Alation Cloud Service incident
Alation Cloud Service - DEV unavailable for some customers in US region
Alation Cloud Service experienced a minor incident on May 5, 2025 affecting Americas (US-east) - Dev and Americas (US-west) - Dev, lasting 3d 3h. The incident has been resolved; the full update timeline is below.
Affected components
Update timeline
- investigating May 05, 2025, 07:56 AM UTC
We have discovered a problem with the US cluster's DEV tenants' sporadic availability, and we are currently investigating the cause.
- investigating May 05, 2025, 08:02 AM UTC
We are working on it, and the matter is still being investigated. We will update when we have further info.
- identified May 05, 2025, 10:01 AM UTC
We have identified the issue as being with the cache cluster, and we are working with our vendor to resolve the issue. We will update more information as it becomes available.
- identified May 05, 2025, 02:01 PM UTC
We have added additional resources to the cluster and are waiting on the rebalancing of the cluster.
- identified May 05, 2025, 02:12 PM UTC
We’re still seeing elevated connection activity within our application, which impacts the Dev tenants in the US cluster. Our team is actively investigating and working on a fix. We apologize for the inconvenience and appreciate your patience.
- identified May 05, 2025, 04:45 PM UTC
Our team is actively working on a hotfix to resolve the ongoing issue. We will update as soon as the fix is ready for release. We appreciate your understanding and patience.

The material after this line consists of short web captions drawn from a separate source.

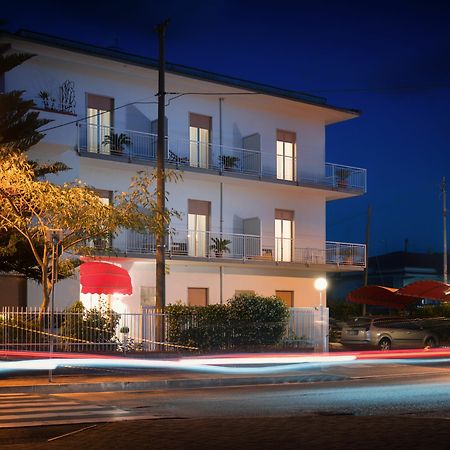 Minturnae Hotel Scauri  Extérieur photo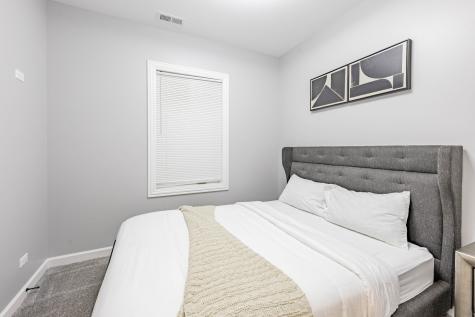 4634 South Langley Avenue Chicago IL 60653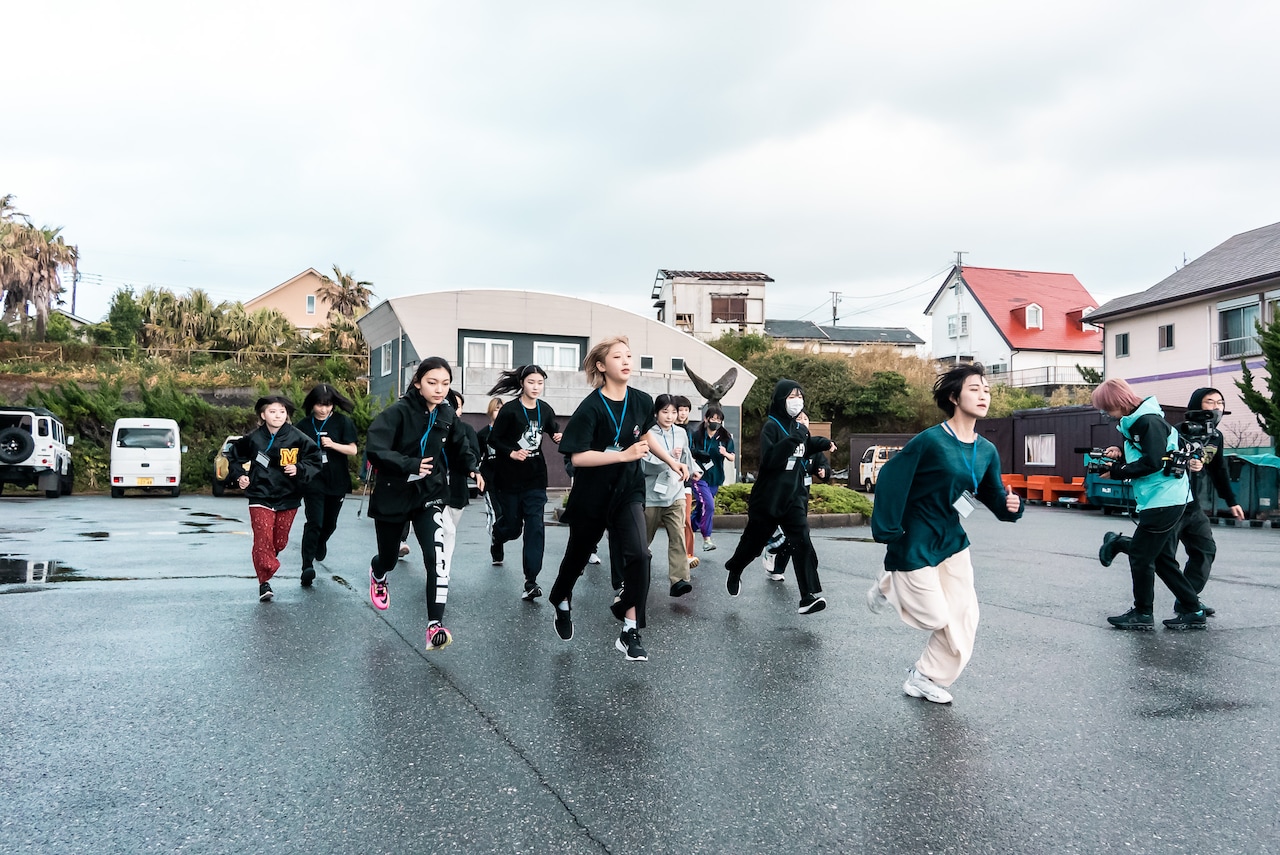 WACK合同オーディション2日目で候補生に厳しい指摘、今夜の審査にマネージャー緊急参加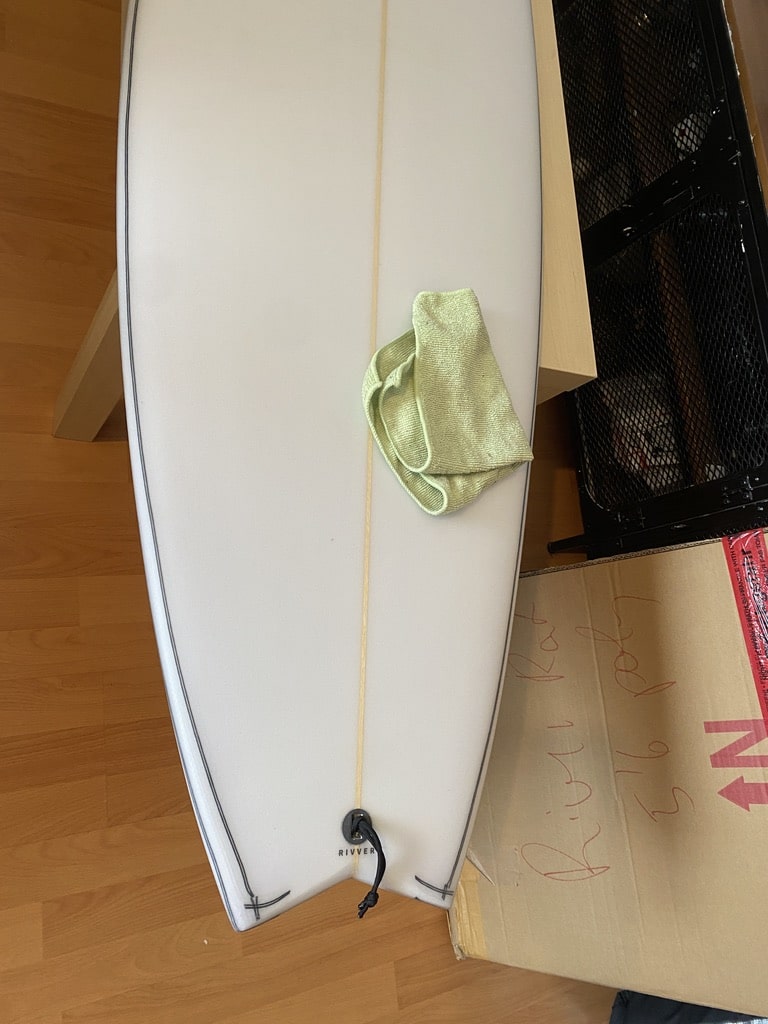 Surfboard vor dem Anbringen des Tailpads gut sauber machen.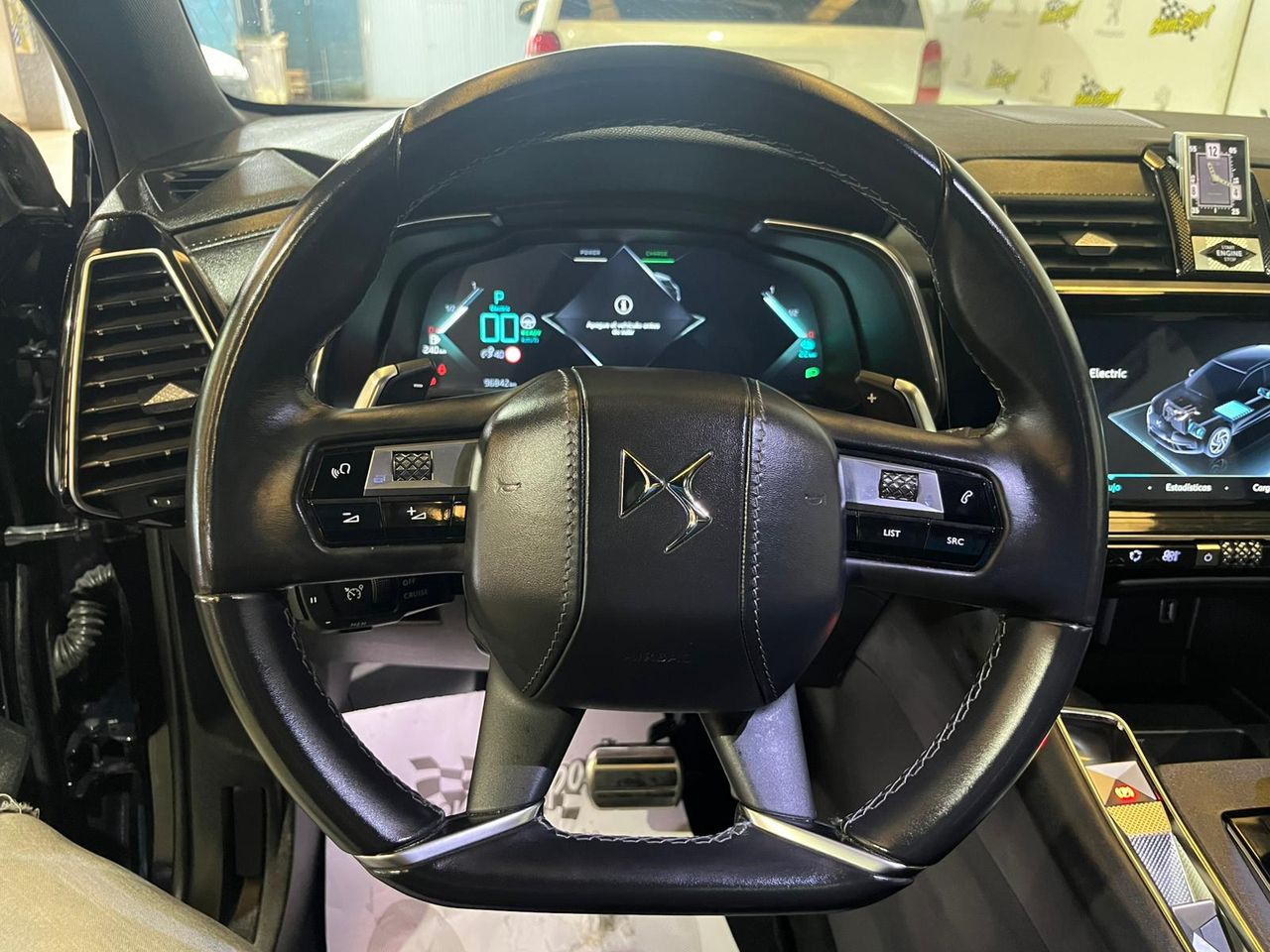 DS DS 7 Crossback 1.6 E-Tense 300 Louvre Auto 4WD - Foto 13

- identified May 06, 2025, 01:05 PM UTC
Our team is actively working on a hotfix to address the issue and it's currently undergoing testing. We will share another update as soon as the hotfix has passed validation and is ready for deployment.
- identified May 07, 2025, 03:05 PM UTC
The hotfix has successfully passed initial validation and is currently undergoing performance testing. Our team is monitoring the results closely to ensure it meets all stability and reliability standards. We will provide another update once testing is complete and the hotfix is ready for deployment.
- identified May 07, 2025, 04:34 PM UTC
We are currently preparing for the patch rollout and ensuring all systems are ready for a smooth deployment. Our team is finalizing the necessary steps, and we will share another update once we are ready to begin the rollout
- identified May 07, 2025, 11:40 PM UTC
Minor release 2025.1.2.1 with a fix for the issue impacting Dev tenants has been released. Deployment is scheduled for 5:00 PM PDT.
- monitoring May 08, 2025, 05:17 AM UTC
We have initiated the deployment of the hotfix (version 2025.1.2.1) . This rollout is being conducted in phases to ensure stability across all systems. Our team is actively monitoring the process and will provide updates as it progresses.
- monitoring May 08, 2025, 05:17 AM UTC
The hotfix (version 2025.1.2.1) has been successfully rolled out. At this time, all systems are operating as expected. Our team will continue to monitor the infrastructure closely to ensure ongoing stability and performance. We’ll share further updates if needed.
- resolved May 08, 2025, 08:36 AM UTC
The issue has been fully resolved. The hotfix has been deployed successfully, and all systems are stable. We will continue to monitor as part of our standard operations. Thank you for your patience throughout this process.